Carceragem de Contagem e Livingsthon José Machado

Por FOLHAPRESS

Em 2005, o juiz Livingsthon José Machado determinou a soltura de 59 presos que cumpriam pena ilegalmente em delegacias superlotadas na comarca de Contagem (MG). Ele foi aposentado compulsoriamente pelo Tribunal de Justiça de Minas Gerais.

Doze anos depois, ele diz que, “por desespero e medo”, os juízes estão liberando presos sem planejamento, diante dos massacres nos presídios do Amazonas e de Roraima.

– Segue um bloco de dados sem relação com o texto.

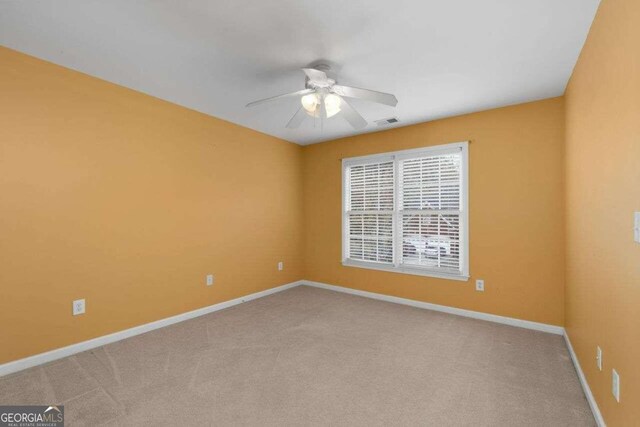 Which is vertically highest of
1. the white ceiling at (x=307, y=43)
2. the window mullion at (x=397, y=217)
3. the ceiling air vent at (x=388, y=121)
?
the white ceiling at (x=307, y=43)

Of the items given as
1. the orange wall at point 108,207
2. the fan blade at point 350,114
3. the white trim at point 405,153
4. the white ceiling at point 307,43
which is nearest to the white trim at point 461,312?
the orange wall at point 108,207

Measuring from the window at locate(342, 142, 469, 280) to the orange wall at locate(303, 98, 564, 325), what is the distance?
0.41ft

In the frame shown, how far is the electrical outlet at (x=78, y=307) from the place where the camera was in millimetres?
2553

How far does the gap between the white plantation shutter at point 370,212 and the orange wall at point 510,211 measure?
411mm

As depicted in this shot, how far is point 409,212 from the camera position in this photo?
3996 millimetres

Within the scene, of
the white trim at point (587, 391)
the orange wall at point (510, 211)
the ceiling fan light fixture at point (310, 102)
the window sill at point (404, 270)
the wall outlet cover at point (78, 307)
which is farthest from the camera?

É o que revela reportagem da Folha nesta quarta-feira (18), com trechos de entrevista concedida ao editor deste Blog.

Criticado na época pelo governador Aécio Neves (PSDB), acusado de “fazer proselitismo pessoal” e colocar em risco a segurança pública, Machado recebeu apoio de juízes de varas de execução criminal e de entidades de direitos humanos.

Em 2010, o TJ-MG participou de mutirão do Conselho Nacional de Justiça que libertou 3.000 presos no Estado. “Não há nenhuma diferença quanto aos fundamentos jurídicos nos dois episódios: ilegalidade das prisões ou abuso no uso dessas medidas”, ele afirmou, na ocasião.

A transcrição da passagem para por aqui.